For clarity and brevity, we refer to the parties by their first names because certain parties have the same last names. No disrespect is intended by the use of first names.
BACKGROUND
I. Lone Cactus, L.L.C. and East Meets West, Inc.
¶2 Steve and his siblings, Joseph M. Schmidt ("Joseph") and Kathryn Crain ("Kathryn"), formed Lone Cactus Properties, L.L.C. (Lone Cactus), a limited liability company, in 1996. Each sibling initially held a one-third membership in Lone Cactus.
¶3 Lone Cactus's principal asset was a commercial office building in Phoenix. When this building opened, a corporation previously formed and equally held by the three siblings, East Meets West, Inc. ("EMW"), moved its operations into one of the building's three suites. EMW has paid rent to Lone Cactus without the benefit of a written lease.

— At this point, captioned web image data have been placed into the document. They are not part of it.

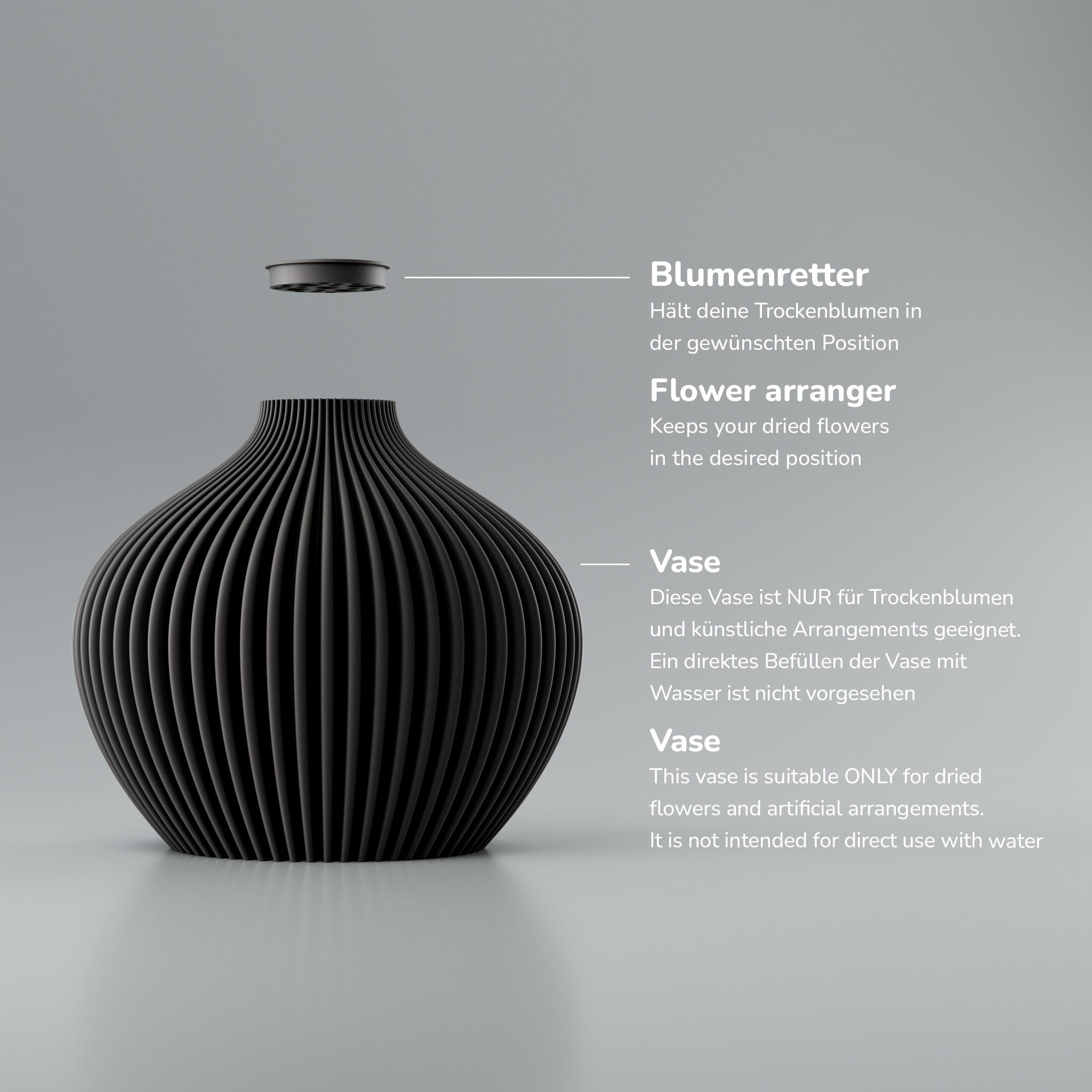 Schwarze gerippte Vase mit senkrechten Rillen, auf grauem Hintergrund, daneben ein kleines Einsatzstück.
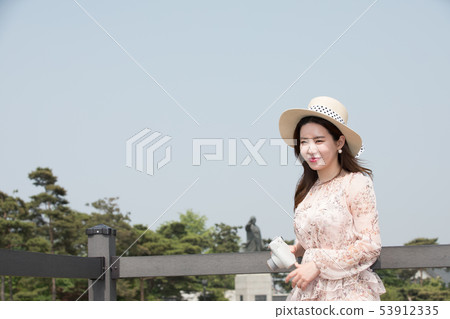 Model with hat 53912335
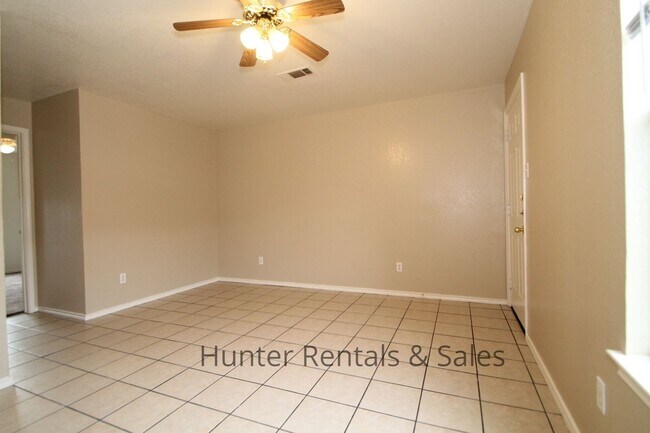 Building Photo - North Killeen!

¶4 Kathryn died in 2004. Her one-third membership in Lone Cactus passed to her minor daughter, Zoe Crain ("Zoe"), and was held by her widower, Timothy Crain ("Timothy"), under the Uniform Gift to Minors Act, Arizona Revised Statutes ("A.R.S.") sections 14-7651 to -7671. Meanwhile, Kathryn's one-third equity interest in EMW transferred to Timothy. ¶5 In 2001, Joseph sold his remaining stock in EMW to his fellow EMW owners. As a result, Steve and Timothy owned shares in EMW, while Zoe, Steve, and Joseph held one-third memberships in Lone Cactus. Steve served as EMW's sole officer and director and Lone Cactus's manager starting in 2004.
II. The Arbitration
¶6 Joseph filed a complaint in superior court alleging, among other claims, that Steve had leased a Lone Cactus suite to EMW at below market rates, and had failed to collect escalation and other fees from EMW that it had charged other tenants. The complaint included (1) a derivative claim for unpaid rent EMW allegedly owed Lone Cactus; (2) direct claims on theories of breach of fiduciary duty, conversion, accounting, and freeze out against Steve and Steve's spouse; (3) an unjust enrichment/constructive trust claim against Steve, Steve's spouse, and EMW; and (4) a claim for winding up and dissolution of Lone Cactus against Steve and Zoe. ¶7 In accordance with A.R.S. § 12-1502(A), Steve successfully moved to compel arbitration pursuant to paragraph 7.5 of the Lone Cactus Operating Agreement. According to Steve's motion, the Operating Agreement "broadly provides for arbitration" and "the complaint arises out of the Operating Agreement." EMW also requested arbitration in its answer, but Steve initially contended that Joseph would have to pursue claims against EMW in superior court. The parties subsequently signed a stipulation stating that the arbitrator would determine "all issues of law and fact that are framed by the Complaint" including claims against EMW. ¶8 Following a four-day hearing, the arbitrator issued an award and findings. The arbitrator concluded that Steve had failed to discharge his managerial obligations under the Operating Agreement to the extent he exercised his judgment to benefit EMW at the expense of Lone Cactus. Specifically, Steve failed to charge EMW for rent escalation, late fees, and common area use fees but imposed these charges on other tenants. As a result, the arbitrator held Steve liable not only to Joseph, but also to Zoe, for breach of the implied covenant of good faith and fair dealing. ¶9 The arbitrator accordingly awarded Zoe and Joseph $141,264.52 in lease underpayments, and awarded Lone Cactus $49,929.54 due on an EMW promissory note. In the event EMW continued to lease space from Lone Cactus, the arbitrator directed that EMW and Lone Cactus document any such lease with a written contract. Finally, the arbitrator ordered the Lone Cactus members to select a new manager in accordance with the Operating Agreement.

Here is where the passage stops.